Check out this page for details about payment plans and discount opportunities.

COURSE TAKEAWAYS:

- Familiarity with various forms of essays that are centering around languages, translation, or their politics.

- Space and time to generate new personal essay ideas, feedback from workshop peers and the instructor.

- A safe place and community for you to grow as a writer.

- How to put together pitches for our personal essays, and where to pitch.

- A 30-minute one-on-one online meeting with the instructor 

- 10% discount on all future Catapult classes

COURSE EXPECTATIONS:

This is a generative workshop, and every student will get a chance to submit their personal essay (up to 12 double-spaces pages), poetry (up to 5 poems), short story (page limits will be discussed), or hybrid works (page limits will be discussed) once, getting oral feedback from peers and the instructor. The writing project can be something you've already started working on or something you're inspired to write during the class.  Every week, prior to class, we’ll be reading 1-2 readings for in-class discussions. Writing exercises will be provided for writers to generate new ideas for new works.

This is a safe space to share your writing and projects. This is also a community where you don’t need to overly explain yourself. Let’s enjoy reading personal essays together, and think about our next steps pitching our works!

COURSE SKELETON:

Week 1: Introduction: Writing About Our Languages

Week 2: Languages, Politics, and Translation

Week 3: Lyrical/ Personal Essays About Languages

Week 4: Travel, Music, and Languages

Week 5: Writing About Dialects and Disappearing Languages

Week 6: Pitching Essays about Languages

Jenna Tang

Jenna Tang is a literary translator based in New York. She translates from Chinese, French and Spanish. She received her MFA in Creative Writing from The New School. Her translations and essays are published in Restless Books, Latin American Literature Today, AAWW, McSweeney's, Catapult and elsewhere. Her interviews are at World Literature Today and Words Without Borders. She is a selected translator for the 2021 ALTA Emerging Translators Mentorship with a focus on Taiwanese prose.

Testimonials

"Jenna Tang is doing incredible and important work as a translator and writer. She is so generous and always opens the door for others. Her work challenges the status quo and creates a space for resonant stories and writers to find many audiences and communities across languages and borders. She helps us see what is possible in the literary world and how to find our way toward it. I can't think of anyone I'd rather learn from more!"

K-Ming Chang Writer

“Jenna Tang works tirelessly and generously to promote literature in translation and to build community within the translation sphere. As a translator from Taiwan now based in the US, she moves fluidly between the cultures she translates from and to, probing the bounds of the English language and seeking out voices who have hitherto not received sufficient attention.”

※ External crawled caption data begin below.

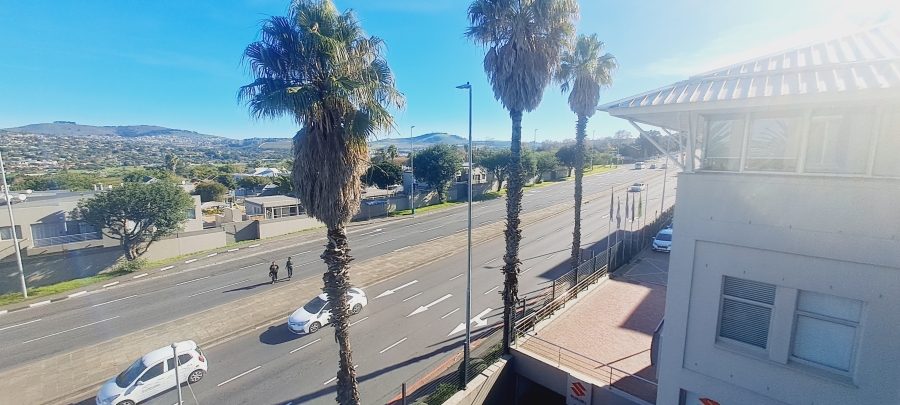To Let commercial Property for Rent in Rosenpark Western Cape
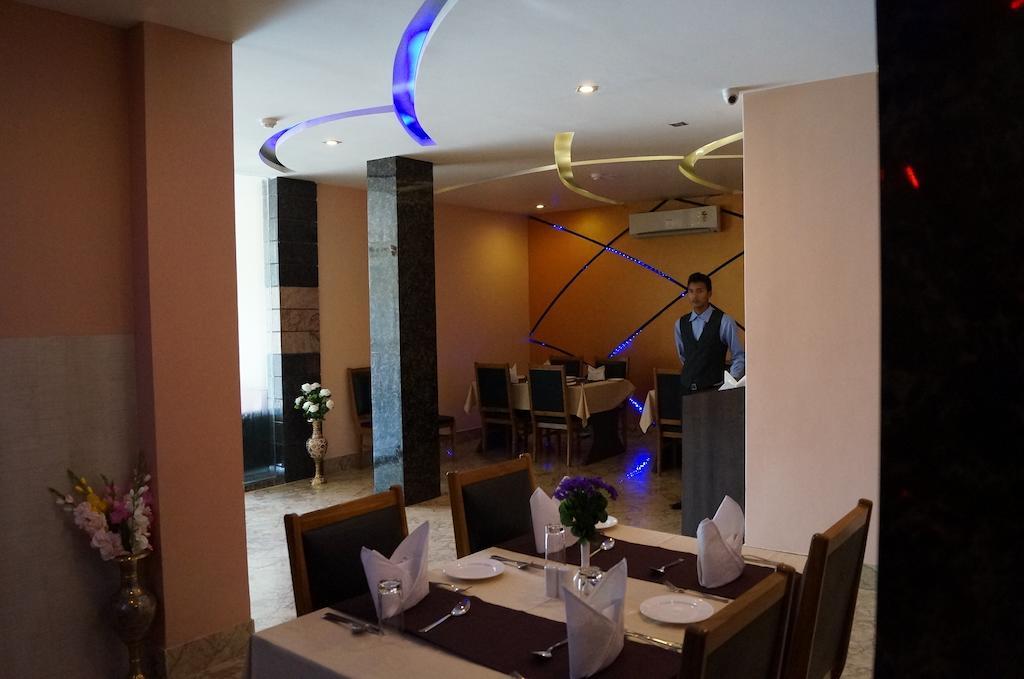 Collection O Hotel Highway Palace Guwahati Exterior foto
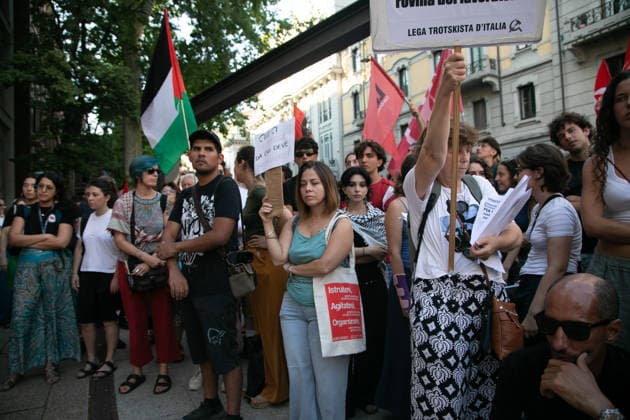 IPA86874872 - Milan, July 21, 2026, Largo 11 Settembre: A rally was held in front of the Prefecture, which later turned into a Sicobas march in memory of Abderrahim Fakir, who died in Bologna following police intervention; the march arrived at San Babila, with signs and banners.  Copyright: xFrancescoxEnriquezx xFrancescoxEnriquezx 86874872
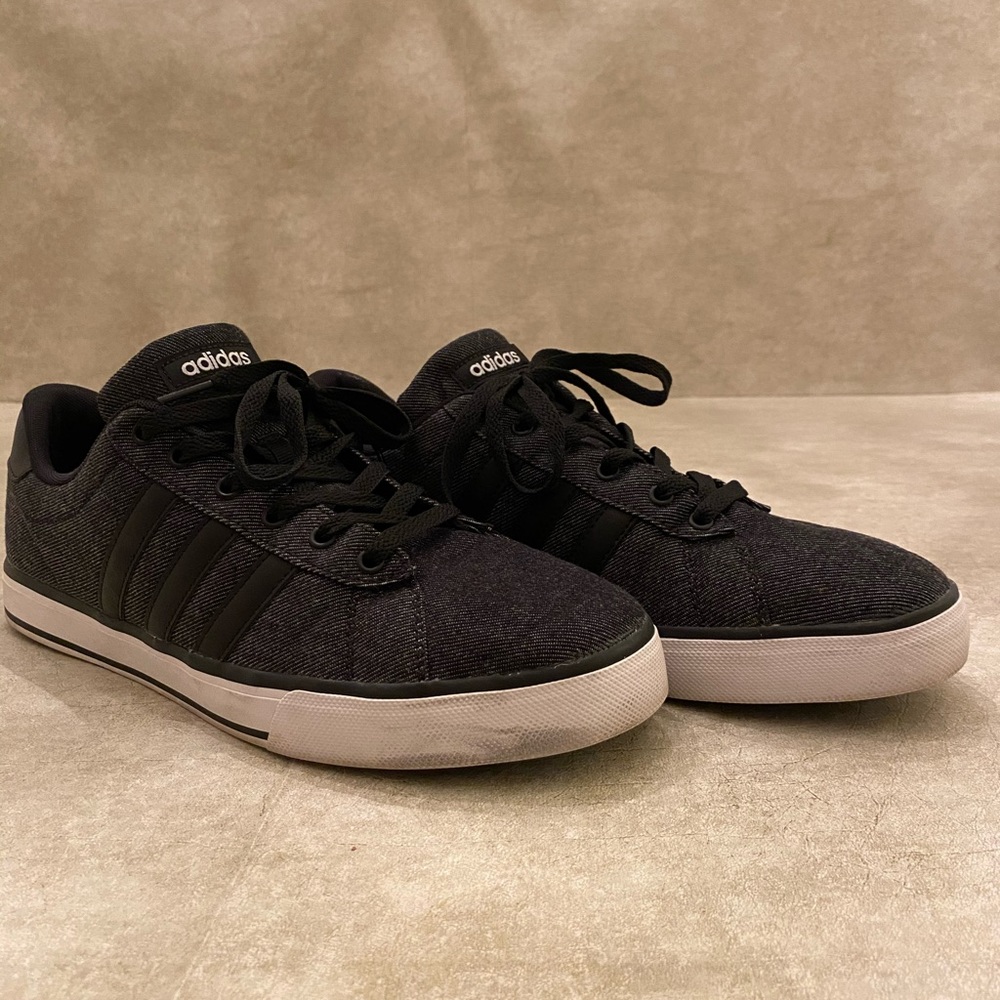 Adidas Men’s Grey and Black sneakers, size 11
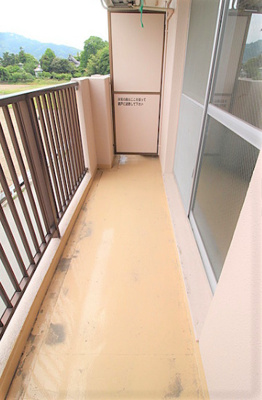 【バルコニー】 | シャロム新町 | 外からの目が気にならないバルコニーで洗濯物が干せます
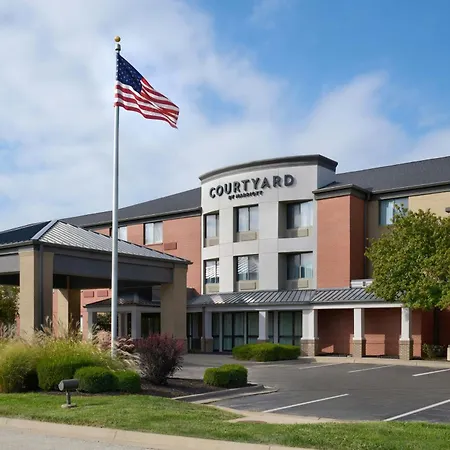 Courtyard By Marriott Kansas City Shawnee-3
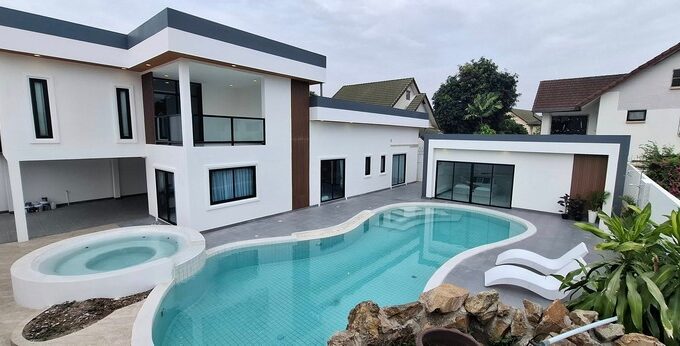 บ้านพูลวิลล่าหรูพื้นที่กว้างมีความเป็นส่วนตัว 5ห้องนอน 5ห้องน้ำ ทำเลดี ใกล้ทางรถไฟ ซอยทุ่งกลมตาลหมันพัทยา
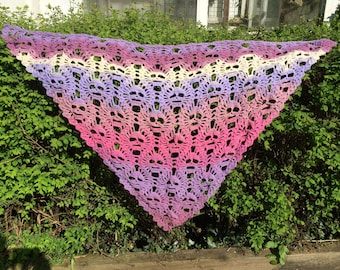 Crochet shawl of lost souls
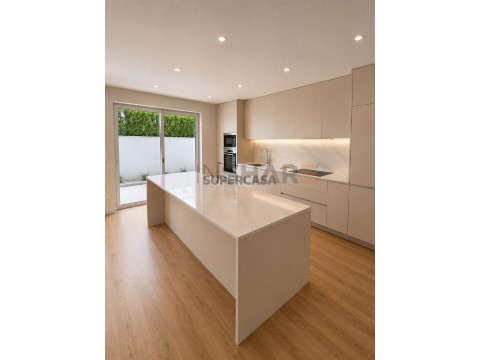 Moradia T3 em Loureira, Vila Verde
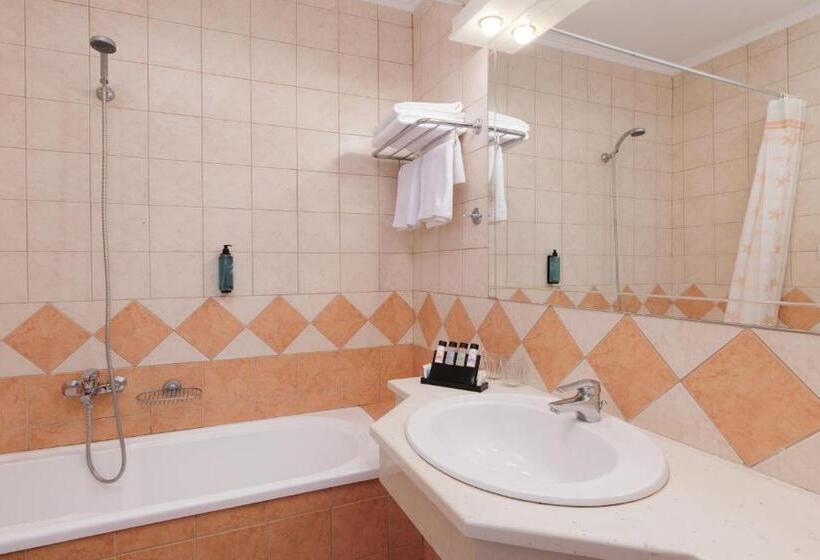 דירת חדר סופריור, Century Resort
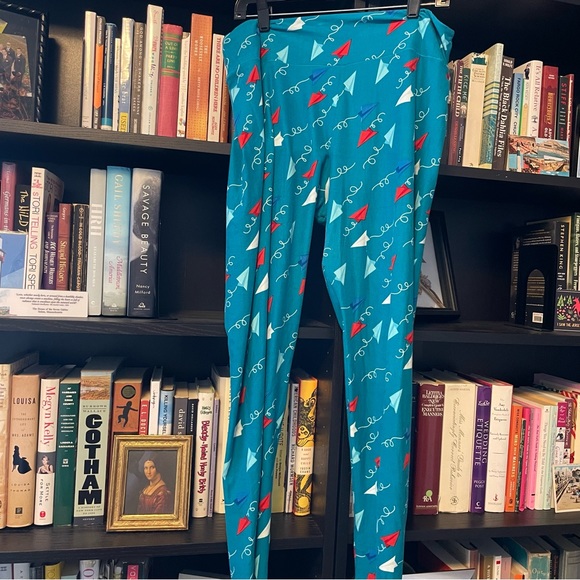 ✨✨$5 Closet Clean Out! ✨✨ - Picture 1 of 6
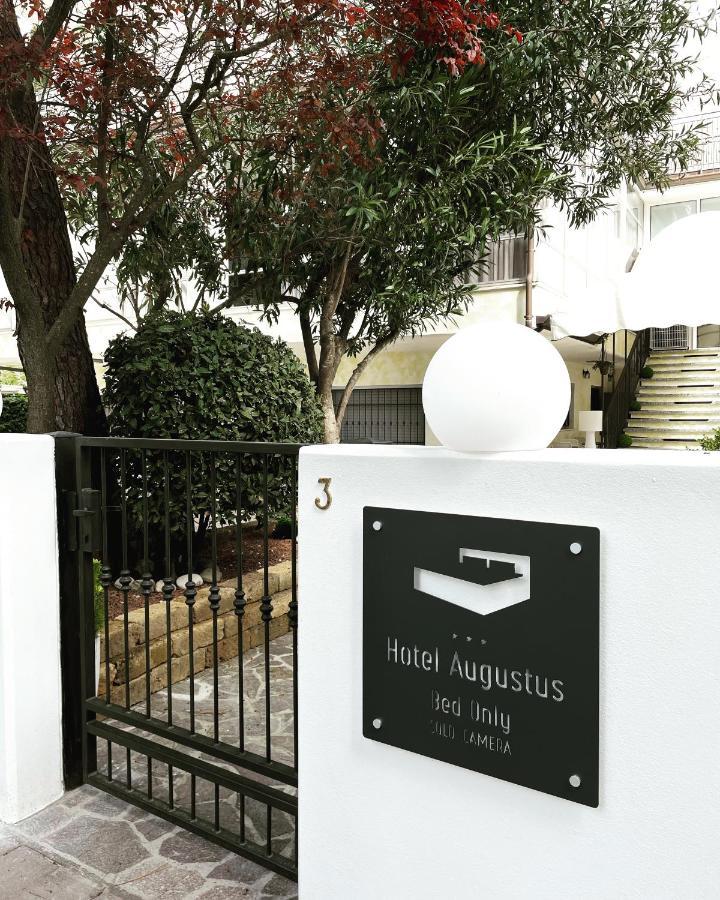 Hotel Augustus ميلانو ماريتيما المظهر الخارجي الصورة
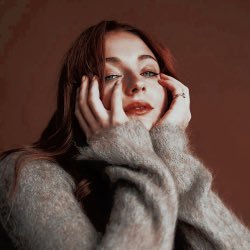 rougestorms's profile picture. — 𝙮𝙤𝙪 𝙨𝙝𝙤𝙪𝙡𝙙 𝙨𝙚𝙚 𝙢𝙚 𝙞𝙣 𝙖 𝙘𝙧𝙤𝙬𝙣.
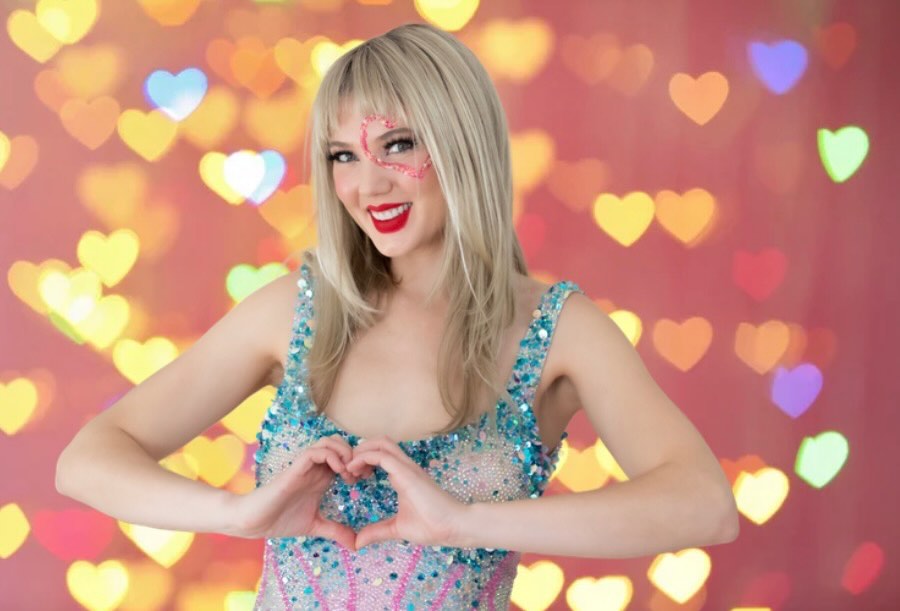 💖💖💖Happy Valentines Day! I love what I do and so I’m sending love to you😻😻😘😘🥂🥂🥂💖
#valentinesday #taylorswifttribute #tributeartist #tributeshow #fyp
*Elizabeth as Taylor Music is an unofficial tribute to Taylor Swift and Taylor Swift’s music and is not endorsed by or in any way affiliated with TAS Rights Management, Taylor Swift, or their affiliated entities, and the event organizers have indemnified TAS Rights Management, Taylor Swift, or their affiliated entities against any and all claims relating to any injury, death, or other harm that could befall event attendees.*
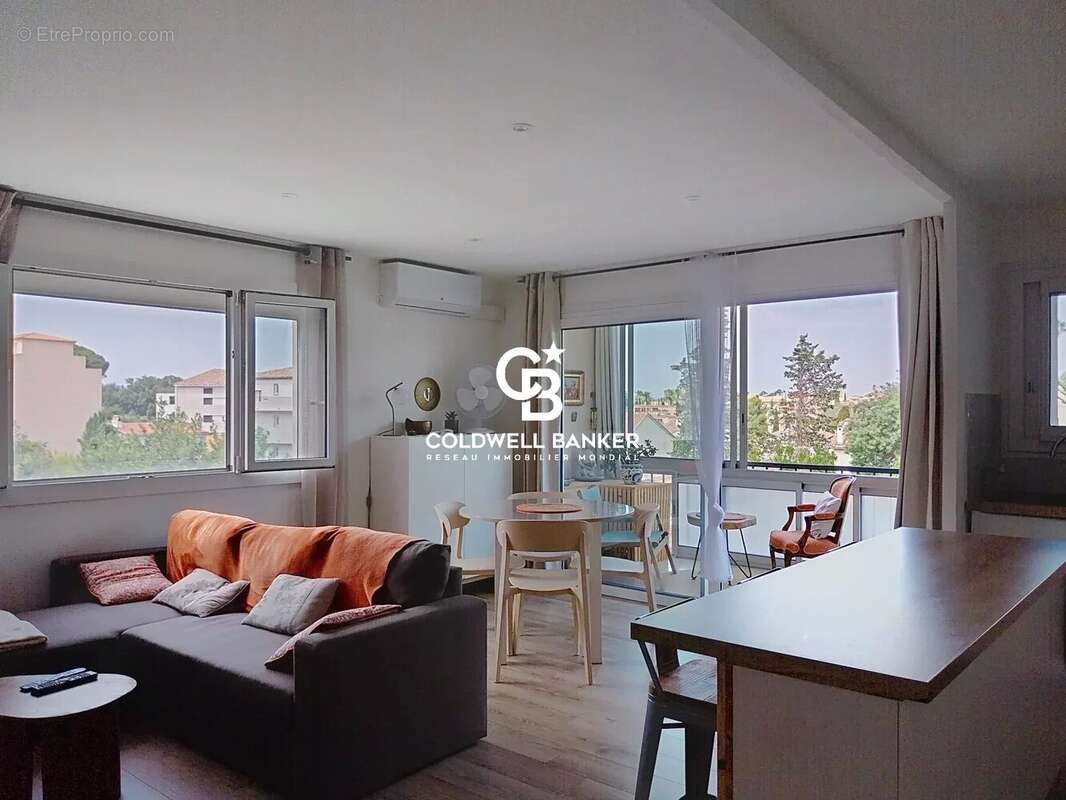 Appartement à SAINT-RAPHAEL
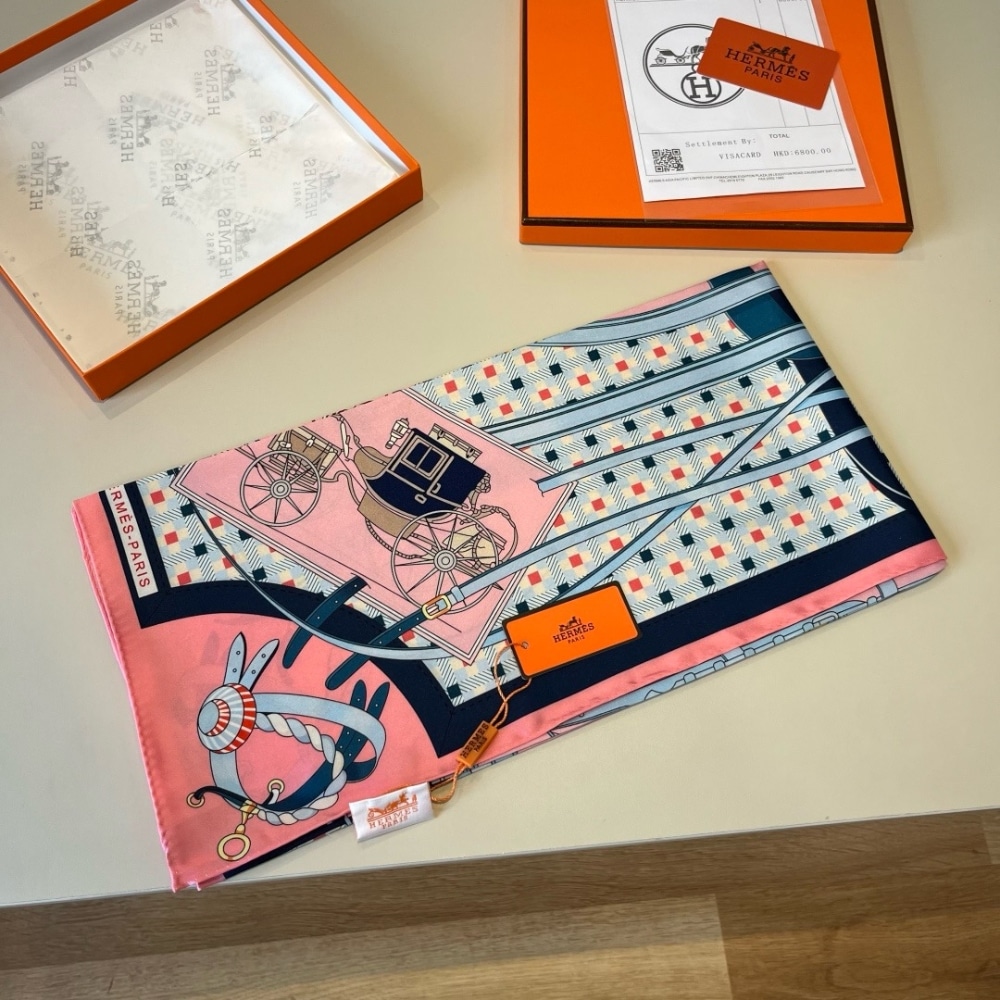 Hermes Les Voitures Nouvelles Silk Twill Scarf Rose Bonbon And Blue 90cm H984108S 01 - Image 4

Jeremy Tiang Literary Translator

“As a translator, Jenna is fundamentally a community builder. A bridge-builder on the page and within groups she crafts with sensitivity and nuance, translating not only between languages but complex identities and beliefs. Her work supports shared understanding through a profound respect for cultures and individuals.”

Drinking Coffee Elsewhere Writing Group Member

“Jenna is a thoughtful translator and creative spirit who works from multiple lineages and myriad inspirations, toggling between the minutest of details and big-picture issues in a text with ease. Warm and inquisitive, she's committed to community in all senses and brings passion and energy to every one of her endeavors.”

Mike Fu Literary Translator of Sanmao’s Stories of the Sahara

“Jenna made each one of us feel valued and comfortable during class. She was a fantastic teacher, genuinely enthusiastic about the subject. Her thoughtfully-prepared class discussions were directly applicable to my translation practice, and I am now a better translator because of it.”